# {Belvadeer's Journal}



## BubblesTheBlueBetta (Jul 15, 2015)

Hello!:wave: This is Belvadeer's journal! I'll post pictures, stories, and more. I hope you enjoy!


----------



## BubblesTheBlueBetta (Jul 15, 2015)

*12/3/15 Meet my betta fish, Belvadeer!*

About ten months ago, I got my first betta fish, Bubbles. Then, about nine months later I decided to get another betta fish. So I went to Petco and looked at all the betta fish. One little betta stood out to me. He had a blue body and red fins. I picked up his cup and he swam around.
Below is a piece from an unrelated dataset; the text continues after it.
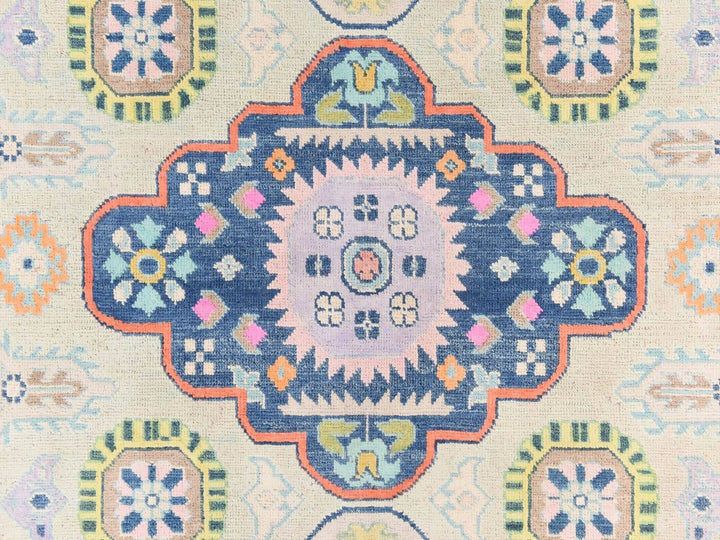 5'1" x 6'6" New Hand Knotted Ivory Wool Rectangle Oriental Rug - MOA10278724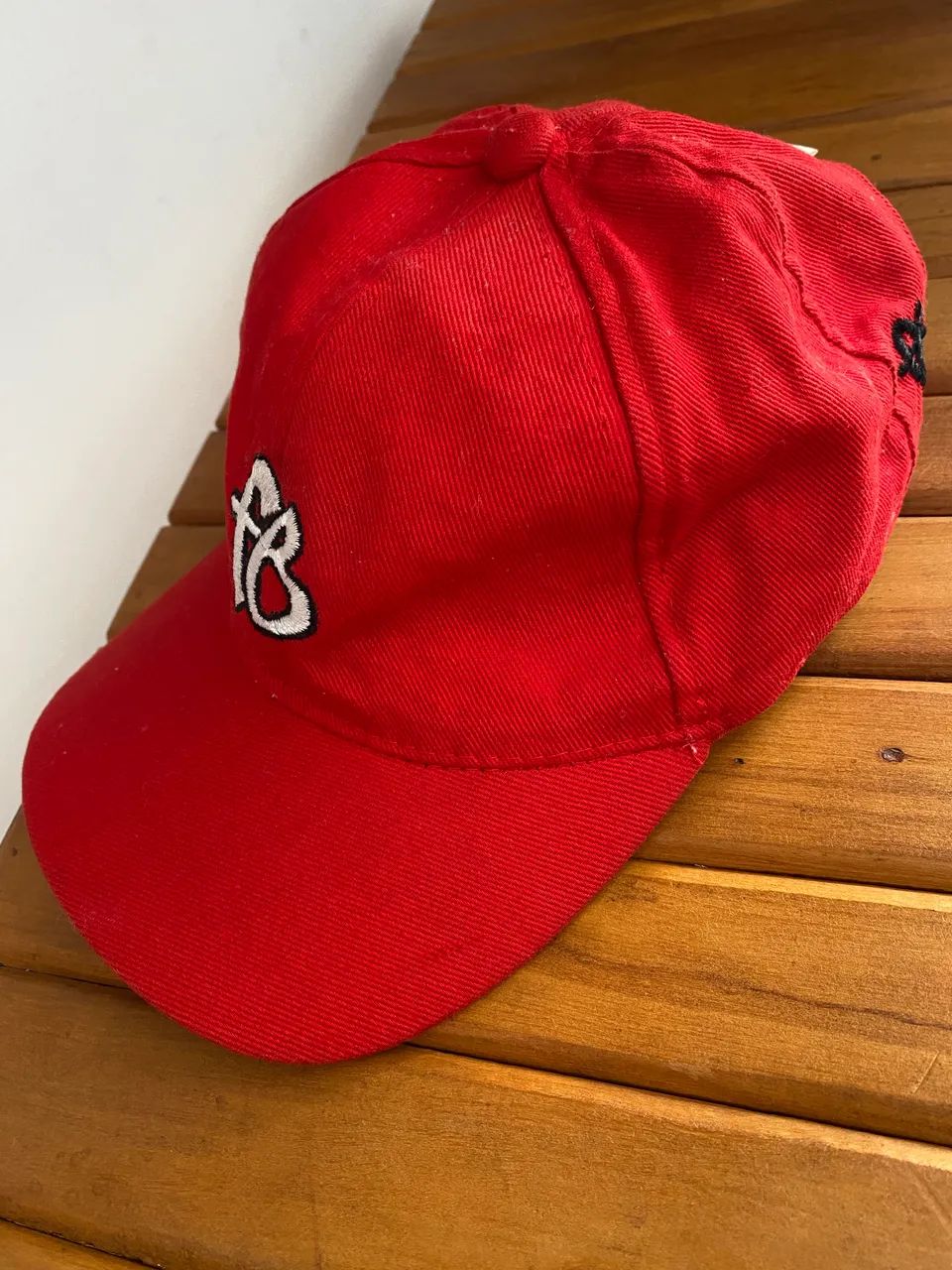 Boné Fubu vermelho  - Foto 2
I thought he was really gorgeous so I took him home. I named him Belvadeer because I am a huge Rhett and Link fan and I watch Good Mythical Morning every single day. Belvadeer was labeled as a halfmoon double tail betta but I'm almost positive he's a delta tail. Anyways, I love Belvadeer so much!


----------



## lilnaugrim (Mar 27, 2013)

Belvadeer is a HMDT, he has the split but he also has a larger split which looks like he bit his fin. Don't be shocked if he becomes a chronic fin biter later in his life, happened to my old boy; Jag


----------



## BubblesTheBlueBetta (Jul 15, 2015)

Ok, thanks!


----------



## BubblesTheBlueBetta (Jul 15, 2015)

*12/4/15 Updates and photos!*

Hey everyone! Today I haven't done much with the fish because of a knee injury. The fish are doing fine, though.  I posted another video on YouTube not long ago. It's of me cleaning Belvadeer's tank.


----------



## BubblesTheBlueBetta (Jul 15, 2015)

*12/10/15*

Hi! Today I did a water change.


----------